[EXCERPTED RECORDS — start]

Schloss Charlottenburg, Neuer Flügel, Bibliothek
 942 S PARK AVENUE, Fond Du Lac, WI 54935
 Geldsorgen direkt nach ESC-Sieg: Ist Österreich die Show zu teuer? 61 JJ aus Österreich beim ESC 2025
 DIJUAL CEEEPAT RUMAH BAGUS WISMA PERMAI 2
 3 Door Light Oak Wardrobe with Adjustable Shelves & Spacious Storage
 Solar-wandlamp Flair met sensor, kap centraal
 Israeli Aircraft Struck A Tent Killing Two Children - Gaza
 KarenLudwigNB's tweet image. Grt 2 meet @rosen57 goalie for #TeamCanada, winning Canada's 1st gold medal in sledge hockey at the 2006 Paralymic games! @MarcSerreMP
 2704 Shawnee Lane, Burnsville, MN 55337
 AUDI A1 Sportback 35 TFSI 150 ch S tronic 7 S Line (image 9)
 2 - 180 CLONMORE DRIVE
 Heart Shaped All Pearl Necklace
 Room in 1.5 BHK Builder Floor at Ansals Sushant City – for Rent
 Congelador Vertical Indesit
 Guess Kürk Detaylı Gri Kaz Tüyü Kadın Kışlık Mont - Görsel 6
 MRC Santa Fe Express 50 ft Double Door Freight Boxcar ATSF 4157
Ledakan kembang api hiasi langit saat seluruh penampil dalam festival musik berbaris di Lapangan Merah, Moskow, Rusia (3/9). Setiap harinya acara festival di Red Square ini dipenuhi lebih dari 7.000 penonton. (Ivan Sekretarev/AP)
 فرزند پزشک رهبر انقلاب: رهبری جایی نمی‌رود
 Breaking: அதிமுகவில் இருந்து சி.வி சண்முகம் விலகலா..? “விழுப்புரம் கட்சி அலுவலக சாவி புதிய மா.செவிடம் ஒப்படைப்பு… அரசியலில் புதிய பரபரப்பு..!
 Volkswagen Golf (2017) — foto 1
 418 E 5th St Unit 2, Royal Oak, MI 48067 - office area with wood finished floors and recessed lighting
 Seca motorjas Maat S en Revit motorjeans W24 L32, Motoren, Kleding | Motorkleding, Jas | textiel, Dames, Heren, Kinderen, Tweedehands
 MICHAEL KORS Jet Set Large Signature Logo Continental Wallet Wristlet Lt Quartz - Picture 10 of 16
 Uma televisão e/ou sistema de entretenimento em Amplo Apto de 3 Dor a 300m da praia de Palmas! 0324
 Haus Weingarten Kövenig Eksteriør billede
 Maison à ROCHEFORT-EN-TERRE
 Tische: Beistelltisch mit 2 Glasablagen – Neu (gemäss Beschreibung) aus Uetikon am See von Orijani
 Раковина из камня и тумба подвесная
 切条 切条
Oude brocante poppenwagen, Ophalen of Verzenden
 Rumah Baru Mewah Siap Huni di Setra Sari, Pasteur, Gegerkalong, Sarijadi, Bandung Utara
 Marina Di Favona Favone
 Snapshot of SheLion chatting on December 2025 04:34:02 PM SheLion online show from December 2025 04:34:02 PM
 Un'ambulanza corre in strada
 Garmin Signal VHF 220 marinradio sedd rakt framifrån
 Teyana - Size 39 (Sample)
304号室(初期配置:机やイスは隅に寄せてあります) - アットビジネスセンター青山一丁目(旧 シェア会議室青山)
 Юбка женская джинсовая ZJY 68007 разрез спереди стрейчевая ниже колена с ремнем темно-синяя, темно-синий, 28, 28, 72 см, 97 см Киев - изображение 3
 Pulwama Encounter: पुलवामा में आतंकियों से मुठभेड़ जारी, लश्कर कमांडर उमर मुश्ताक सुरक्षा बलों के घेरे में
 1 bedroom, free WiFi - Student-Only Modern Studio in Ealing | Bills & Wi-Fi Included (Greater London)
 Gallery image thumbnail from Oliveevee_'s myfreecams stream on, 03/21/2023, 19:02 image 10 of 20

[EXCERPTED RECORDS — finish]

## ASSIGNMENT
Exactly as they stand, please print the lines from the first line of the records above down to the line that includes "DIJUAL CEEEPAT RUMAH BAGUS WISMA PERMAI 2", both of those included and no others.

## RESULT OF THIS TASK
Schloss Charlottenburg, Neuer Flügel, Bibliothek
 942 S PARK AVENUE, Fond Du Lac, WI 54935
 Geldsorgen direkt nach ESC-Sieg: Ist Österreich die Show zu teuer? 61 JJ aus Österreich beim ESC 2025
 DIJUAL CEEEPAT RUMAH BAGUS WISMA PERMAI 2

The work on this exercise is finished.